§ What to work on
With the pictures left aside, write out the entries that follow exactly.

§ Dataset

- - - -

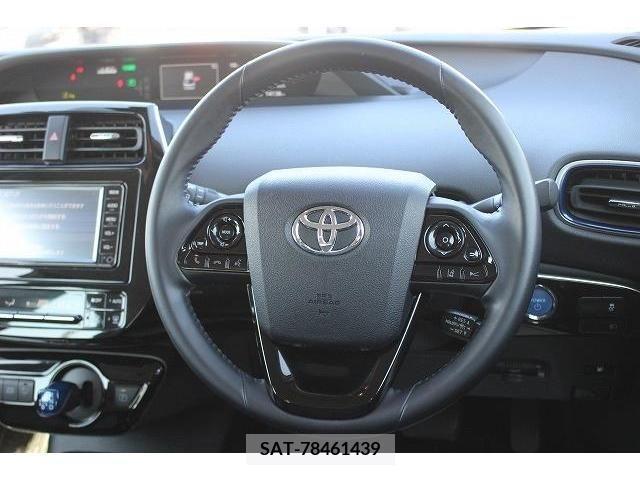 Toyota PRIUS 2020-02 205901-15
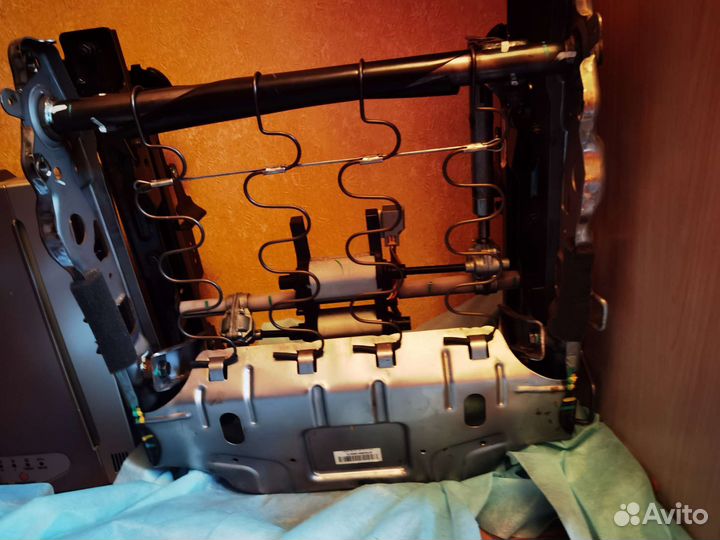 Сидение водительское переднее antara opel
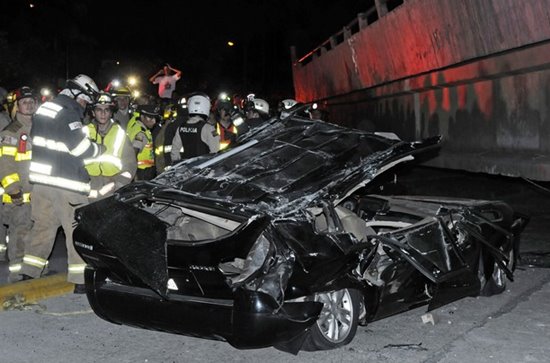 equador_terremoto_carro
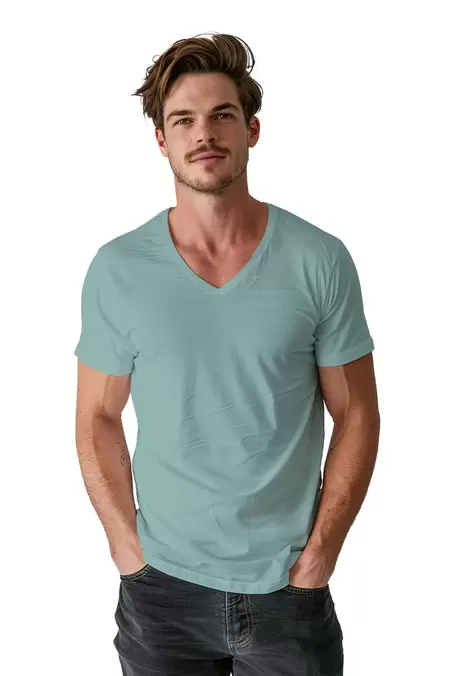 Oferta de Playera BASICA CUELLO V CEMENTO por $79.9 en Aditivo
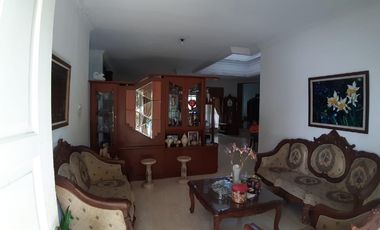 Rumah besar Villa Indah Pajajaran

- - - -

§ Exercise result
 Toyota PRIUS 2020-02 205901-15
 Сидение водительское переднее antara opel
 equador_terremoto_carro
 Oferta de Playera BASICA CUELLO V CEMENTO por $79.9 en Aditivo
 Rumah besar Villa Indah Pajajaran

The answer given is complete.